I ran out that very next day and bought the board book version of the book so that Jack could turn the pages independently and look at the book himself - and he did. He pulled it out several more times before the next book became ingrained in his mind.
This month, they've moved on to Goodnight Moon, so From Head to Toe has been forgotten. I have tried to give him verbal prompts for the actions in the latter, but he doesn't seem to know it receptively (he doesn't understand the words verbally) so he needs the visual prompt from the book, which he's not interested in now that they've read Goodnight Moon for 4 weeks. From Head to Toe is clearly so last month, and he screams "NO!" if I pull it out.

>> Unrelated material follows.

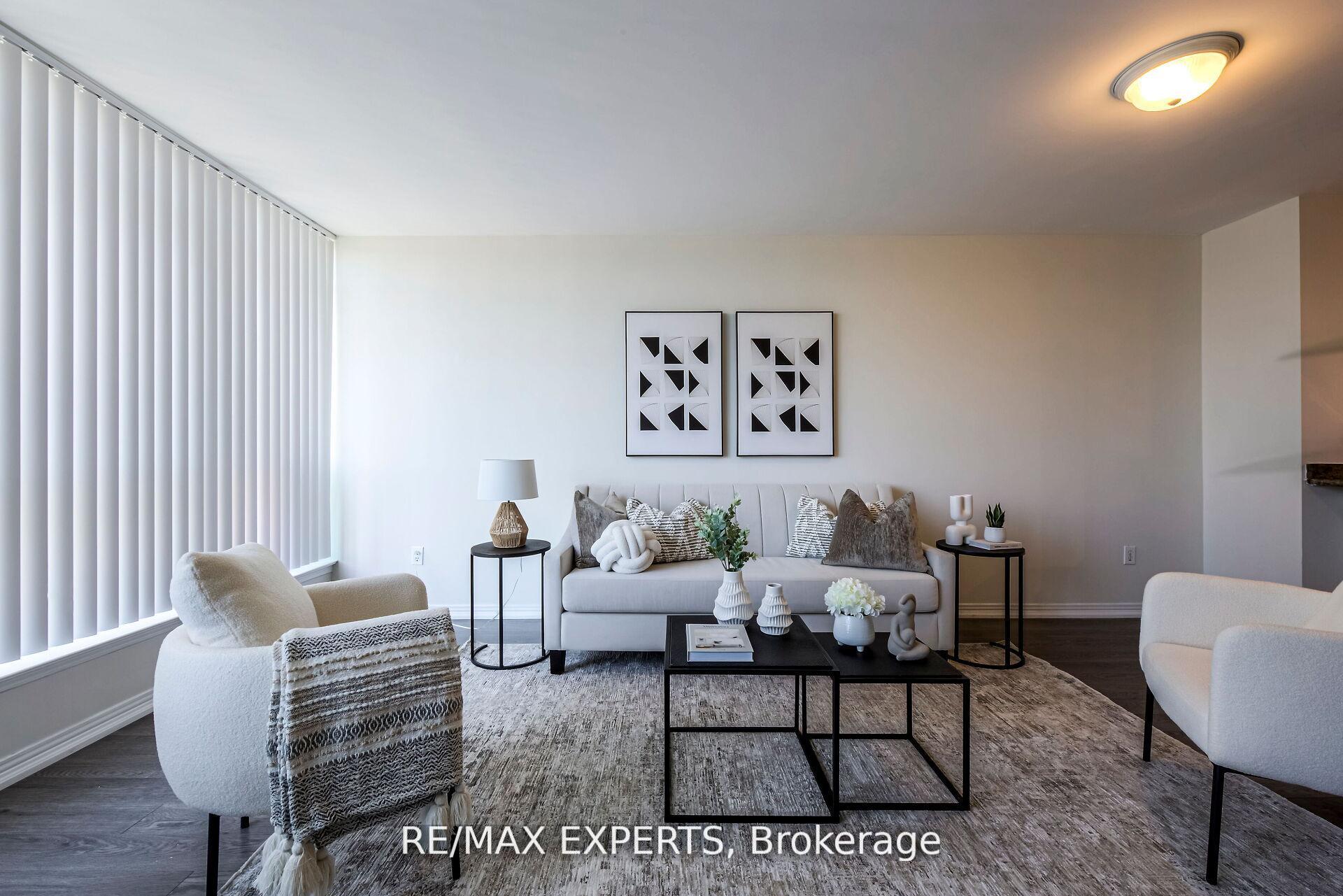 Photo 21 of Unit 1006, 942 Yonge Street, Toronto, The Annex — HOMEH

But now he's interested in Goodnight Moon. He'll pull it out and say "Goodnight Moon", which is incredibly hard to understand in Jack-speak. I'll prompt Jack with "Jack says 'Mommy read?'", which he'll parrot right back to me as he's backing up to sit in my lap. He'll actually let me read it, but I don't always get very far into it before he walks away. He hates it when I touch him, which is a challenge when he's sitting in my lap. Unfortunately, I also haven't memorized the exact inflection his teacher uses, so I'm not doing it right. I'm trying, though.
Still, my boy is interested in a book, if only for a short while before the next unit. So, thank you, Eric Carle, for helping my boy with something so small - like thumping his chest - but so huge in our world. Even though I can't get him to replicate it (there's no chest-thumping in Goodnight Moon), you have no idea how big it is that my boy could do something like that.